_Task prompt:_
Reproduce word for word the line holding "口コミ一覧 : 味菜芳文 - 和歌山/居酒屋 [食べログ]" and all lines after it in the data, through the end, leaving out pictures.

------ Material shown ------

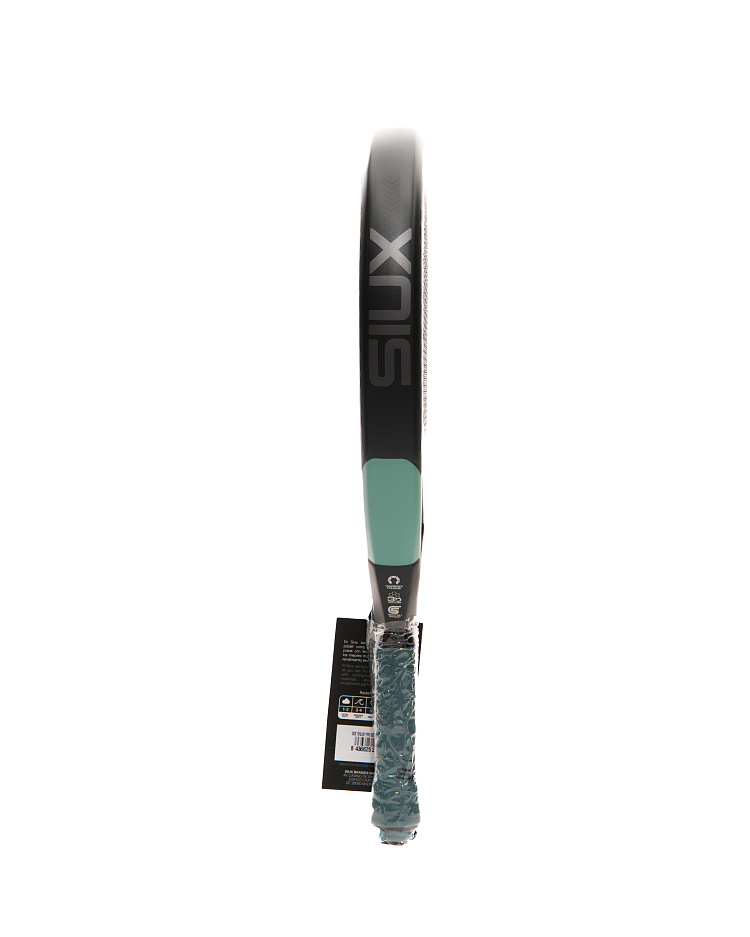 РАКЕТКА SIUX TRILOGY PRO 2026 NOIR FOG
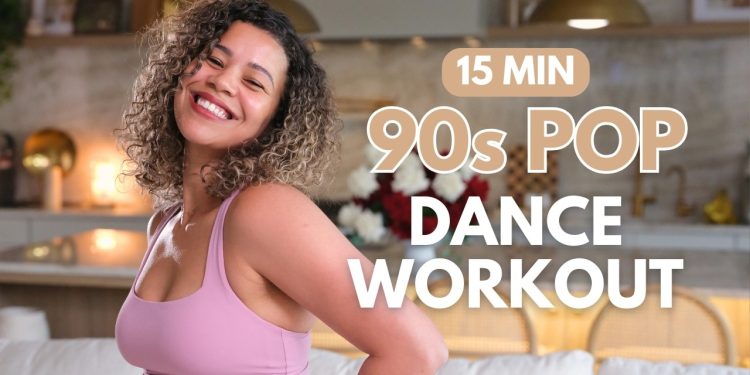 Burn Calories Without It Feeling Like A Workout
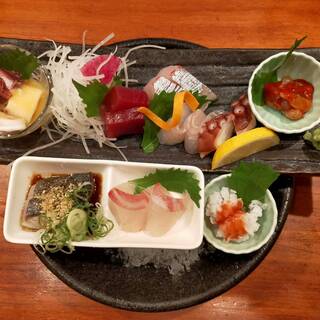 口コミ一覧 : 味菜芳文 - 和歌山/居酒屋 [食べログ]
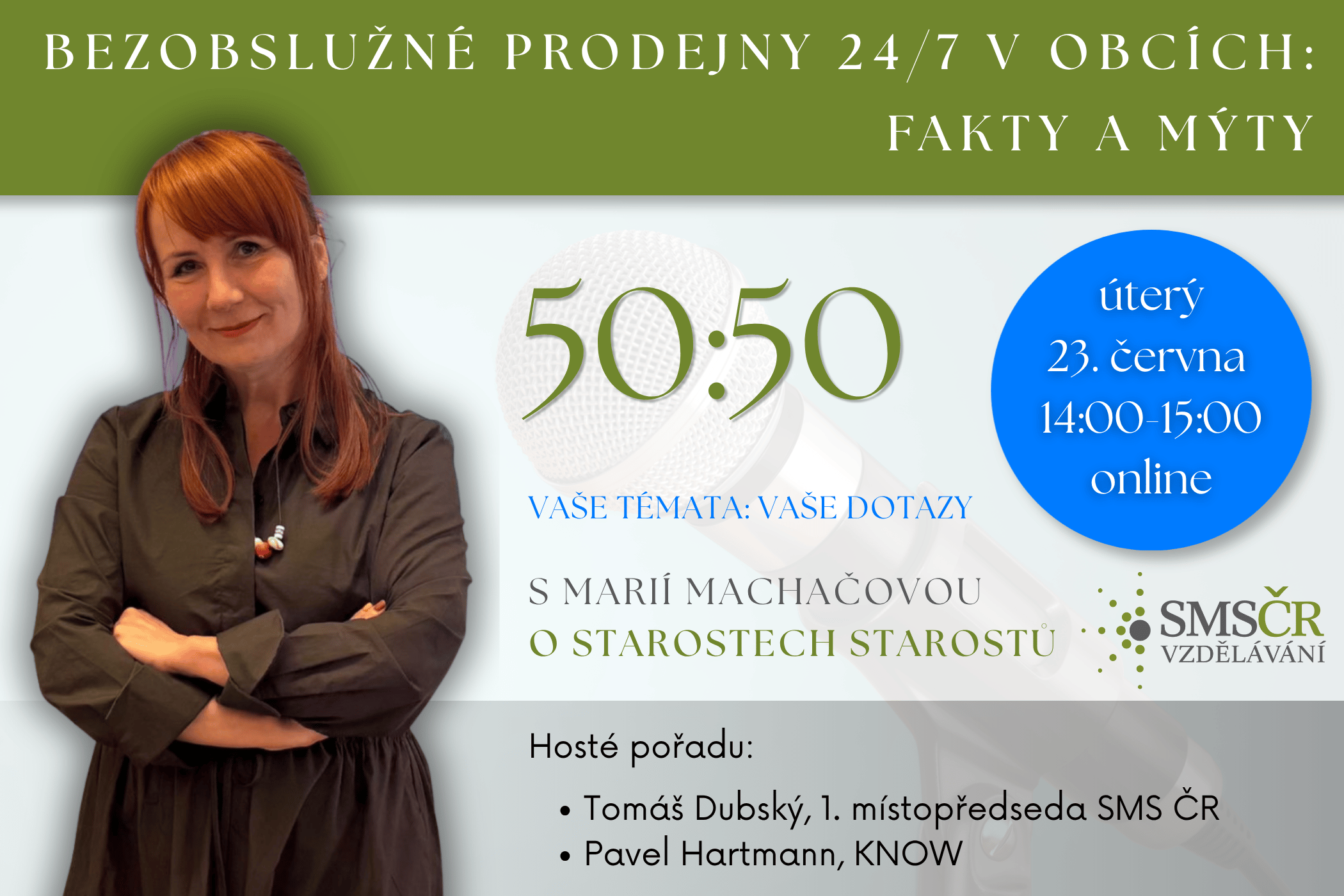5050 Samoobslužné prodejny - fakty a mýty_červen 2026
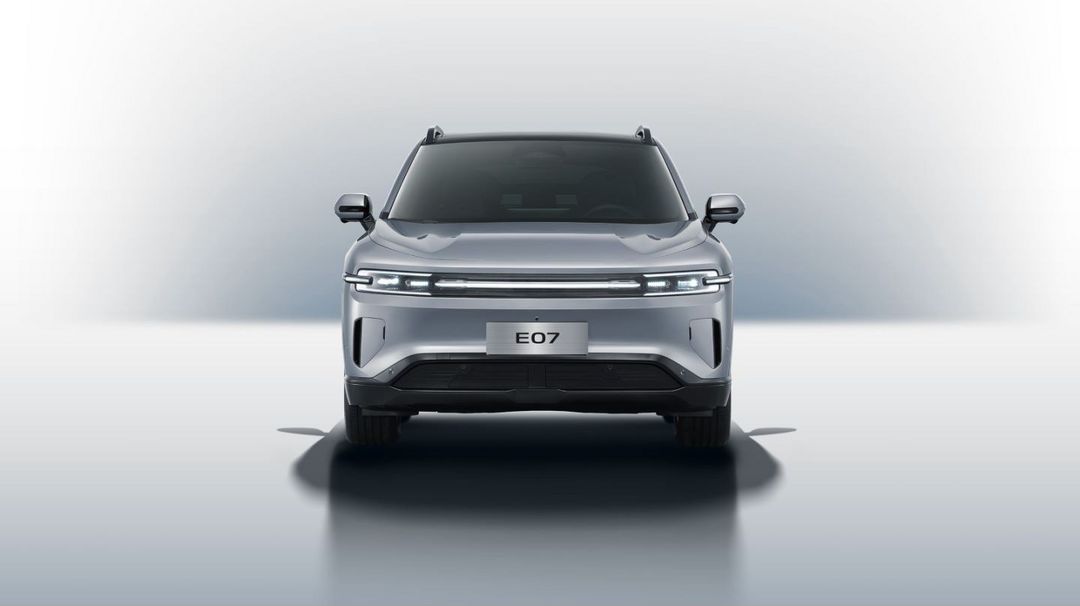 2024年目標280萬輛 未來兩年是長安汽車的重大機遇期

------

_Exercise response:_
 口コミ一覧 : 味菜芳文 - 和歌山/居酒屋 [食べログ]
5050 Samoobslužné prodejny - fakty a mýty_červen 2026
 2024年目標280萬輛 未來兩年是長安汽車的重大機遇期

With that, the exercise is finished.